Oh my goodness those are adorable!!!


----------



## BlueEyedFainters (Aug 18, 2012)

Adorable! Congratulations!!


----------



## serenityfarmnm (Jan 6, 2013)

*I NEED THAT DOELING!!!!!!!!!!!!!!!!*

OMG! Soooo adorable!! My next purchase I think is going to be either a registered Saanen or Ober doe/doeling!!!!!!!!!!!!!!!!!!!!!!


----------



## FrankSandy (Sep 14, 2011)

So cute Babies


----------



## sbaker (Nov 11, 2012)

Soo Cute!!!!! I'm willing to fight for that doeling, Serenityfarmnm.


----------



## happybleats (Sep 12, 2010)

lol..I have one Doeling left (Wendy) : ) Come on down ...Oberhasli are hard to find on our neck of the woods..I have my two because a friend had the mom for a while..I got sisters, Hope and Polly Anna born a season apart....Love them so much..: )

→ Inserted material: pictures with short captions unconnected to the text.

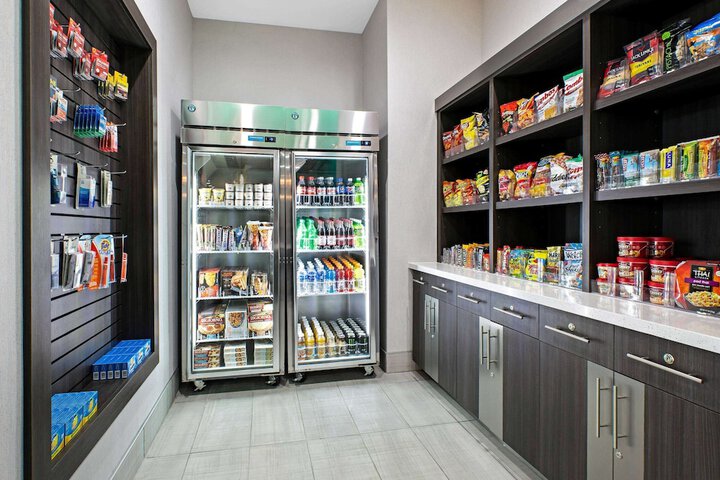 La Quinta Inn & Suites by Wyndham DFW Airport West-Glade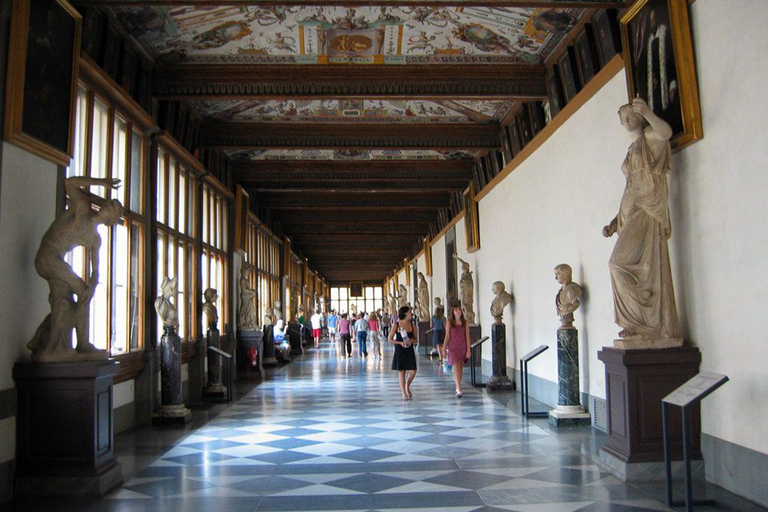 Florence: Walking Tour, Accademia Gallery & Uffizi Gallery Tour in English and Spanish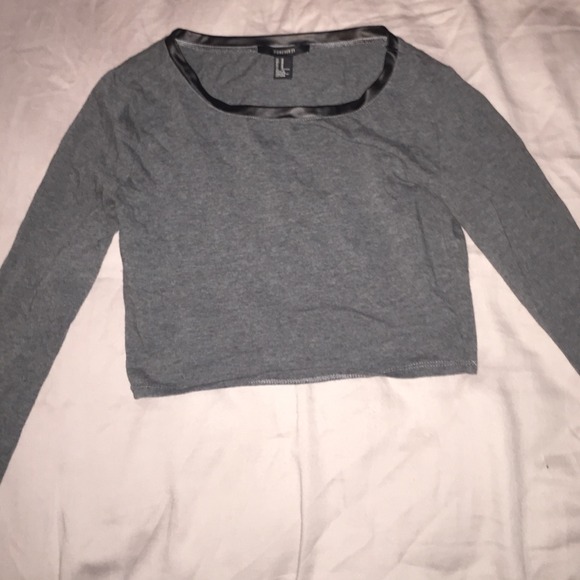 Cropped top - Picture 1 of 1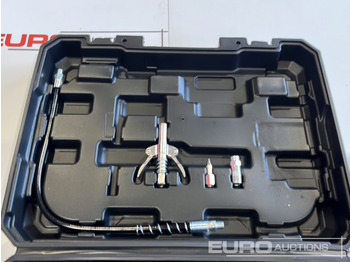 Construction equipment Unused Boss 21 Volt Lithium Battery Cordless Grease Gun, 2 Batteries, Charger, Case, Shoulder Strap, Extension Pieces and Fittings: picture 4 Construction equipment Unused Boss 21 Volt Lithium Battery Cordless Grease Gun, 2 Batteries, Charger, Case, Shoulder Strap, Extension Pieces and Fittings: picture 4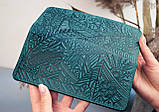 Жіночий гаманець з натуральної шкіри в бірюзовому кольорі з тисненням "Карпати" Жіночі портмоне, фото 3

correction..two does left..Wendy and Darlene : ) sorry...cant believe I forgot her lol


----------



## bekaah (Feb 21, 2013)

Too precious!! Can't wait for my kids (only a week left!)


----------



## Scottyhorse (Feb 11, 2013)

Love them, super cute!!


----------



## DaisyMayFarm (Jan 19, 2013)

Too sweet! They look like bunnies.


----------



## Abra (Aug 11, 2012)

OMG they are STUNNING!
Send me one!?


----------